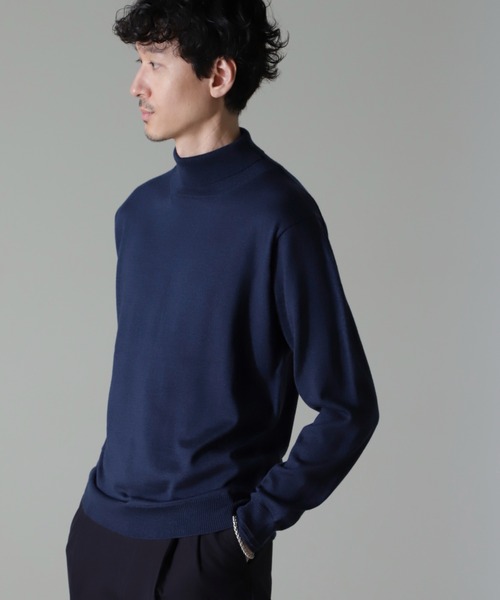 NANO universe(ナノユニバース)の「タスマニアミックスタートルニット(ニット/セーター・メンズ・ブラック/チャコール/ブラウン/ネイビー・S/M/L/XL)」の22枚目の写真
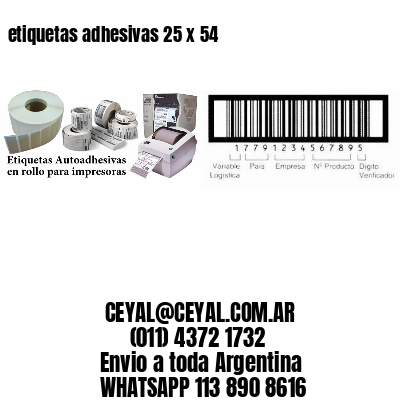 etiquetas adhesivas 25 x 54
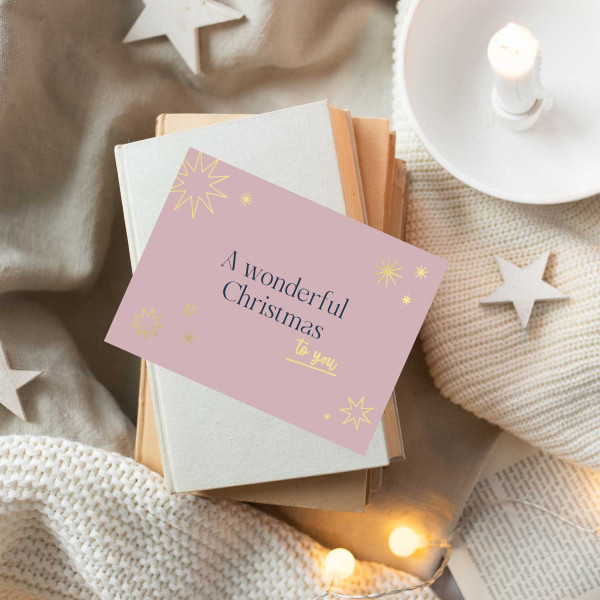 Postkarte „Wonderful Christmas“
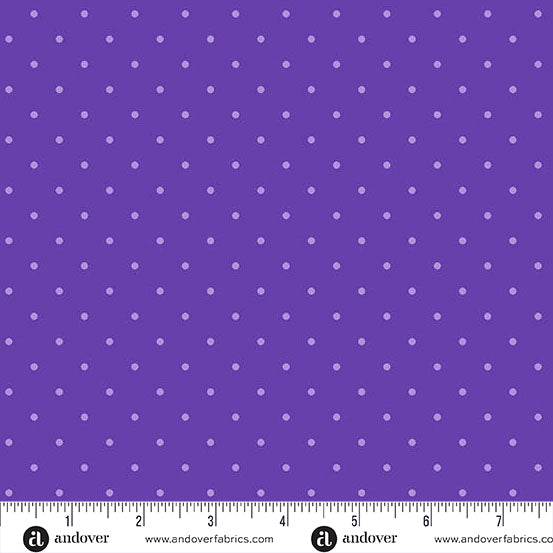 Simply Spot Purple quilting fabric, part of the Simply Spot fabric collection by Andover Fabrics (SKU: A-10237-P1)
____
What you are asked to do:
Reprint the whole listing above exactly, taking out the pictures.

Exercise response:
 NANO universe(ナノユニバース)の「タスマニアミックスタートルニット(ニット/セーター・メンズ・ブラック/チャコール/ブラウン/ネイビー・S/M/L/XL)」の22枚目の写真
 etiquetas adhesivas 25 x 54
 Postkarte „Wonderful Christmas“
 Simply Spot Purple quilting fabric, part of the Simply Spot fabric collection by Andover Fabrics (SKU: A-10237-P1)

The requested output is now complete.